A Proper English Tea at the Boston Public Library

For many of us this past weekend was Downton Abbey weekend and to celebrate I had the opportunity to go to a proper English tea.  My mother in-law, 2 sisters in-law, and I had just come from the Downton Abbey exhibit (which was fabulous and I will share all the details later) and headed for the Boston Public Library for a tea! I've been to teas before and I had a feeling this one would be something special.  Plus you know how much I love libraries! (one of my dream jobs is to work in one!).  

I had never been to the library before and was very excited, not only for the tea, but to see the library.

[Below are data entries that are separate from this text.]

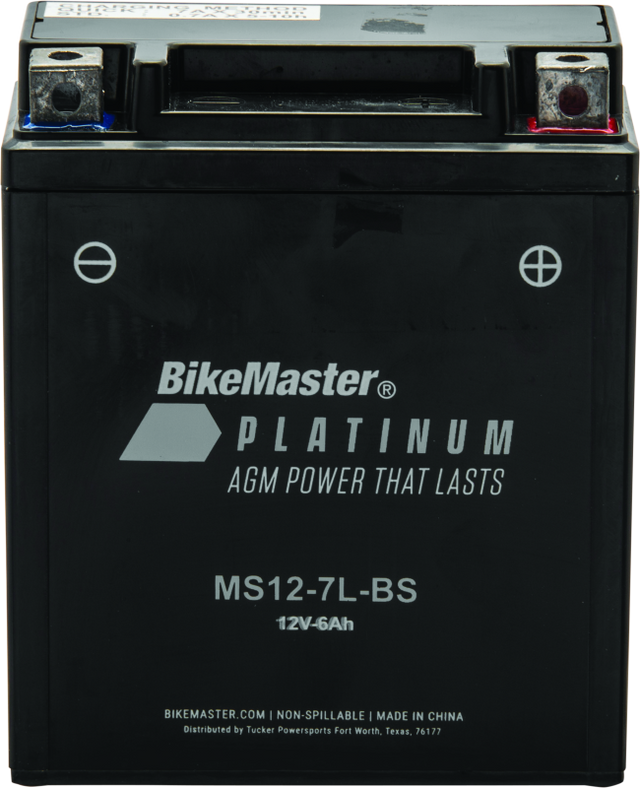 BikeMaster AGM Battery - MS12-7L-BS - Rowdy Warehouse 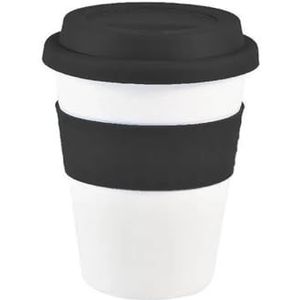BooeDareno Eenvoudige PP plastic mok waterbeker reizen draagbare mondwater koffiekop (zwart wit)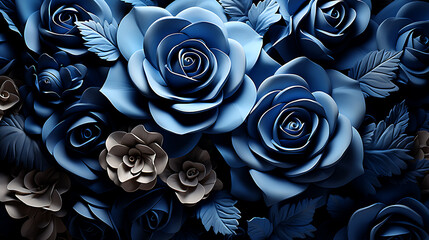 Blue rose seamless flower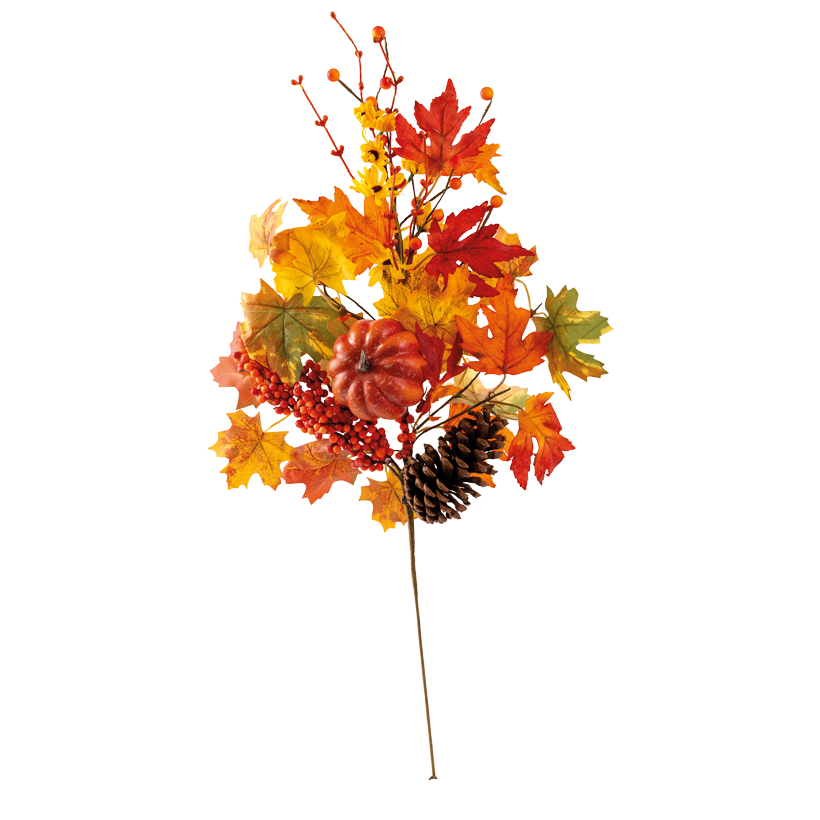 Herbstzweig, 70x40cm Stiel: 29cm aus Kunststoff und Kunstseide, mit Kürbissen, Zapfen, Beeren, einseitig, biegsam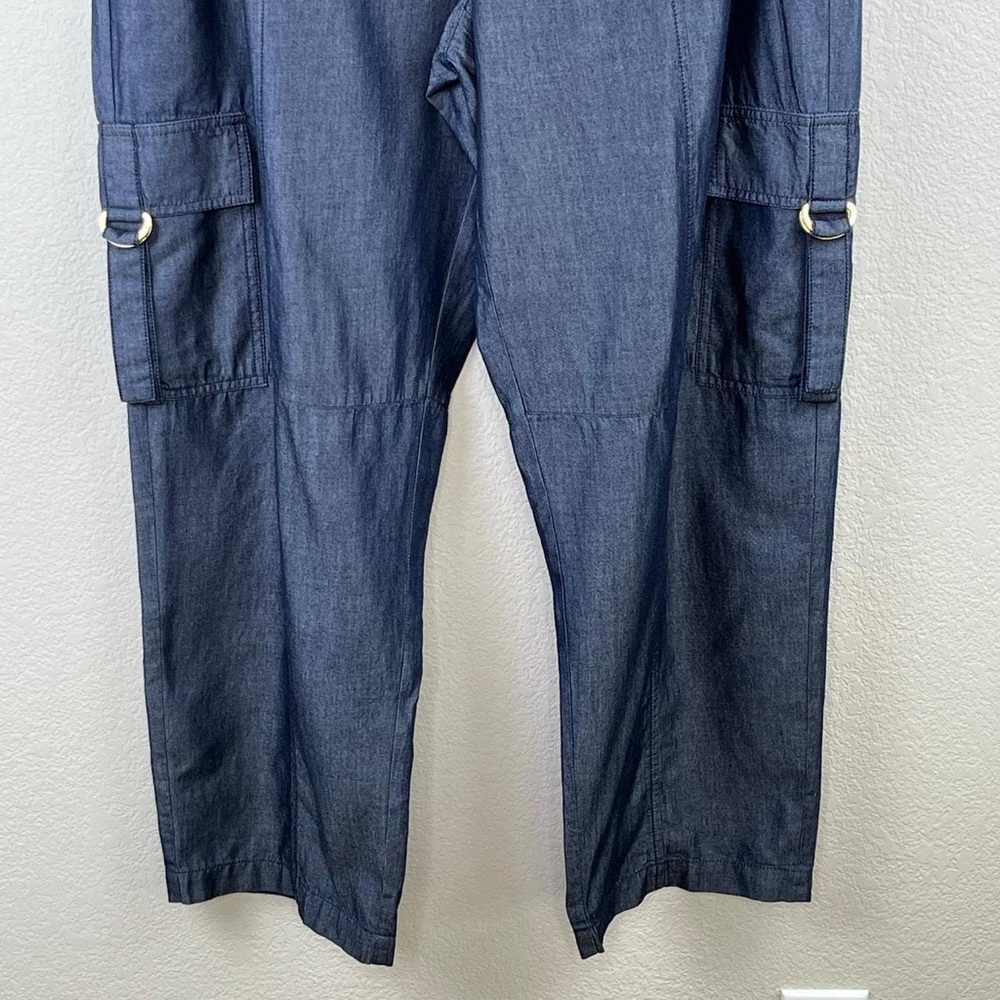 NWT - MICHAEL Michael Kors Indigo Blue High Rise Wide Leg Pull-On Cargo Pant 2X - Picture 4 of 12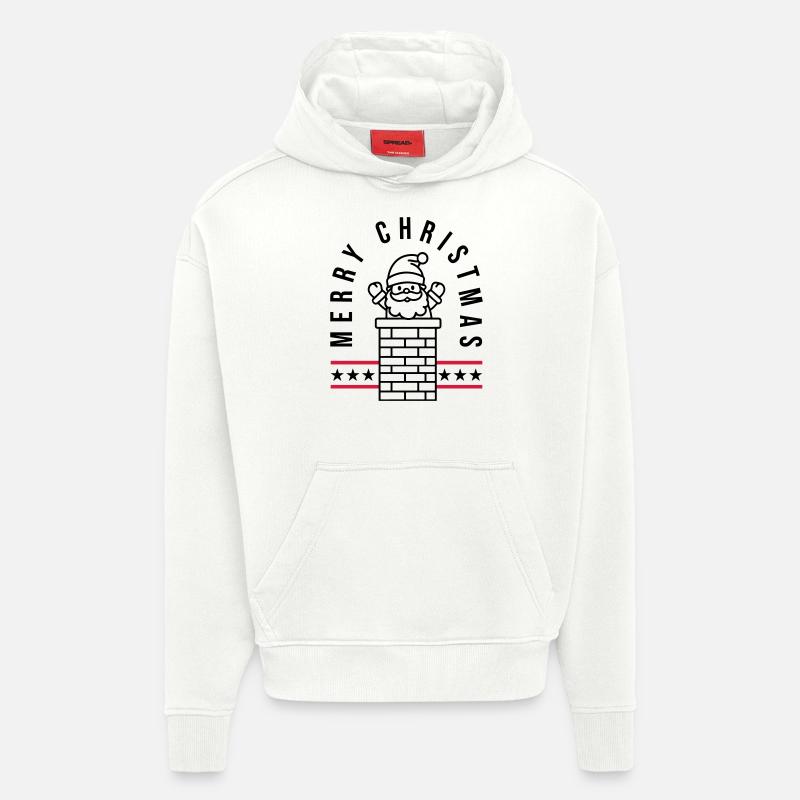 Joyeux Noël Père Noël - Sweat à capuche bio épais oversize fabriqué en UE - OFF WHITE
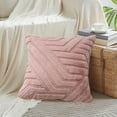 thumbnail image 2 of Xuniizn Christmas Pillow Covers 18x18 inch Xmas Decorations Soft Plush Faux Fur Wool Christmas Throw Pillow Cases Winter Holiday Decor for Sofa Living Room, Pink, 2 of 7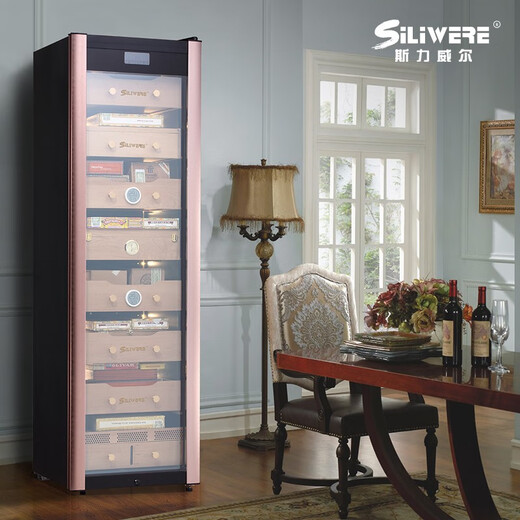 SILIWERE Cigar Cabinet Constant Temperature and Humidity Cigar Cabinet Cigar Cabinet Home Customized Solid Wood Cigar Cabinet Cigar Room 1650H LCD WIFI Premium Edition 165L Constant Temperature and Humidity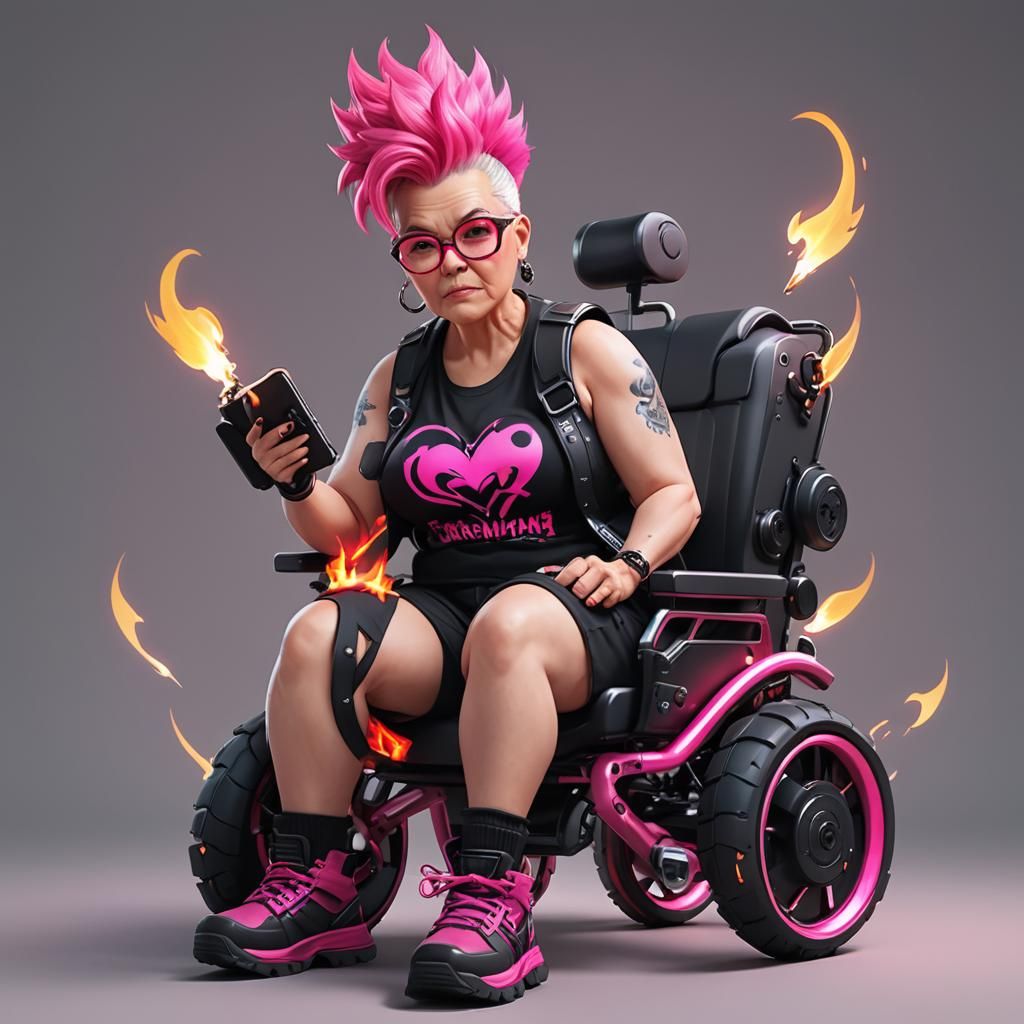 Cyberpunk Granny with Pink Mohawk, 3D Anime Art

We came in through the front entrance and walked through the library (past the grand staircase) to the dining area.  I loved the smell and feel of this old building as soon as I stepped foot in it. 

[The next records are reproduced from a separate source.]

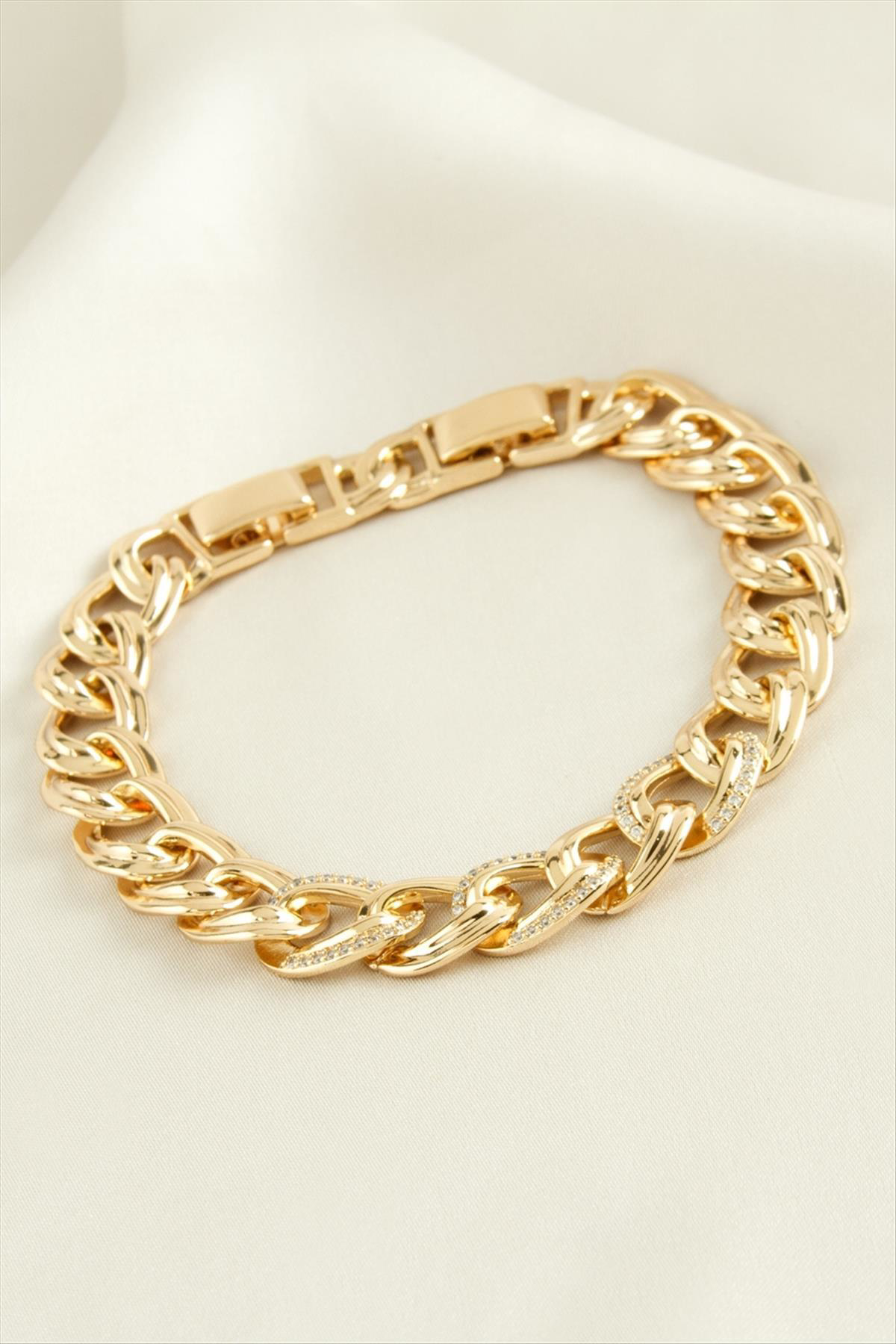 Xuping Oval Zirkon Taşlı Lüks Çelik Bileklik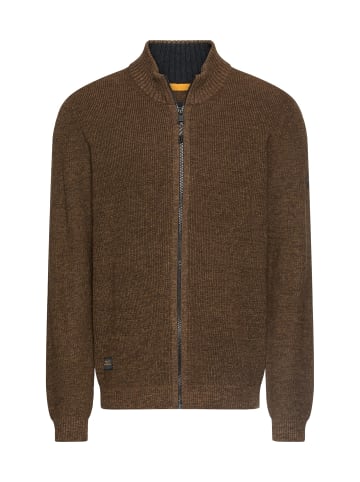 Kernige Strickjacke aus Baumwollgemisch in Dunkelbraun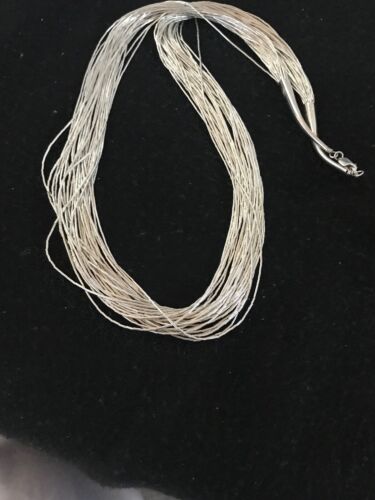 Native American Heishi Tubes Necklace | 30 Strands Liquid Sterling Silver | 23" | 8481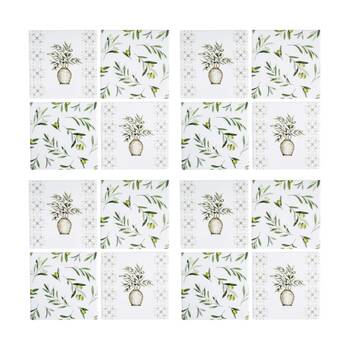 4x 4pc LVD Decorative Olives Ceramic Square Drink Coasters Home Decor 10x10cm
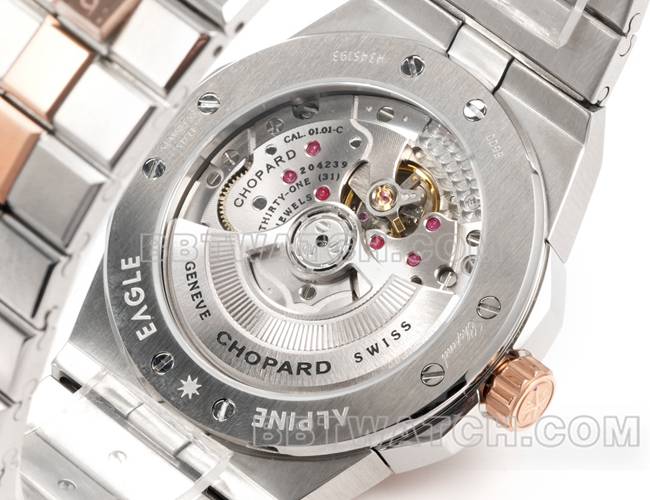 最优复刻手表GH厂萧邦雪山傲翼灰盘41mm间金钢表带正面实拍图背面实拍图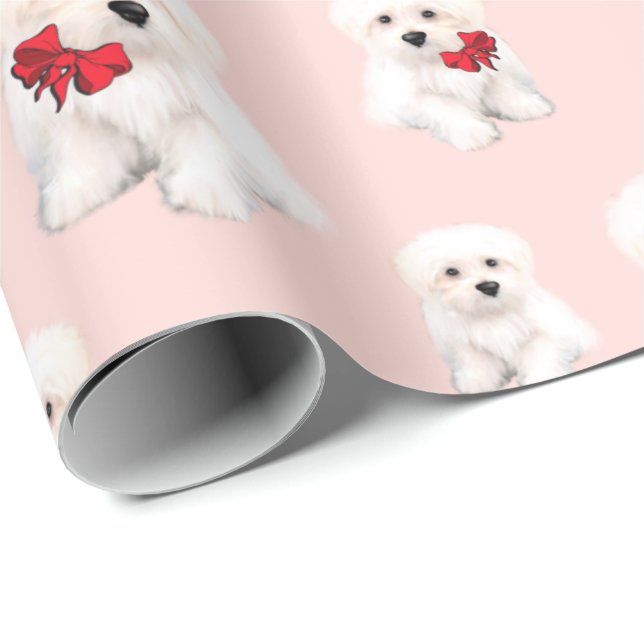 Cute Maltese,Bolonka pattern Wrapping Paper (Roll Corner)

 This "tea bar" was just outside the formal dining area.  It was more casual and had a very cool vibe.  

The lounge draws inspiration from writers and innovations of the 1880's.  They even offer tea cocktails named after authors! 

On to the Courtyard Salon where we had our tea.  Beautiful, bright, and elegant. 

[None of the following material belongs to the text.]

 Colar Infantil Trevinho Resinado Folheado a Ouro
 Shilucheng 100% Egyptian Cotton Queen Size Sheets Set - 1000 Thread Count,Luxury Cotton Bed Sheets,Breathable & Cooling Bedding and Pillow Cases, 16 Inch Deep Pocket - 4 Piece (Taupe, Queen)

As you can see everything was inspired by books.  Our tea menus were pasted on the pages of books stacked on the table.   The food offerings were listed on the bookmarks.  

We all ordered a different tea so we would have the opportunity to share.  The one I selected was a lemon ginger and it was amazing! 

We were all given a choice of strawberry salad or gazpacho to start (I had the strawberry salad : )  and then they brought out the sandwiches, scones, macaroons, and petit fours.  All so delicious.  The jars on the top tier were clotted cream, orange marmalade, and lemon curd.  

After tea we were able to walk around the library and explore.  I had been admiring this fountain through the window ever since we got there and couldn't wait to go into the courtyard.  It was so lovely! 

The Boston Public Library was founded in 1848.  It was the first large free municipal library in the United States.  The library was moved in 1854 and again in 1858.  At that time it had over 20,000 volumes. As the library continued to outgrow it's space it was finally settled in Copley Square in 1895.  

In 1986 the building was designated a National Historic Landmark.  Within the library there are exquisite murals, sculptures, additional works of framed art, and a peaceful inner courtyard.  They run daily tours for just the artwork.  Something I would love to do one day.

This is Bates Hall, the iconic reading room on the second floor of the McKim building.  Fun fact, it's named after Joshua Bates, a London merchant banker who was born in Weymouth, MA (my hometown!).  In 1852 he donated $100,000 to the library, for it's establishment and the purchase of books. 

Can you image studying here?  I don't think I would be able to get any work done.  I would be too busy admiring the room : )

If you are ever in Boston I would highly recommend visiting the Boston Public Library. I think it's one of the most beautiful buildings in the city.  Full of culture and history and served the most delicious tea that I will never forget.  A perfect fitting for my Downton Abbey experience.  More on that next time.... 

Have a wonderful day friends!  xo 


  1. Wow!! What an amazing and beautiful experience. I loved seeing all the pictures of your food. ;)

  2. Oh, Danielle, what a perfect way to celebrate the release of the Downton Abby film! The Boston Library looks gorgeous, as does the tea! Looks like it was very special and something you will look back on fondly for years to come!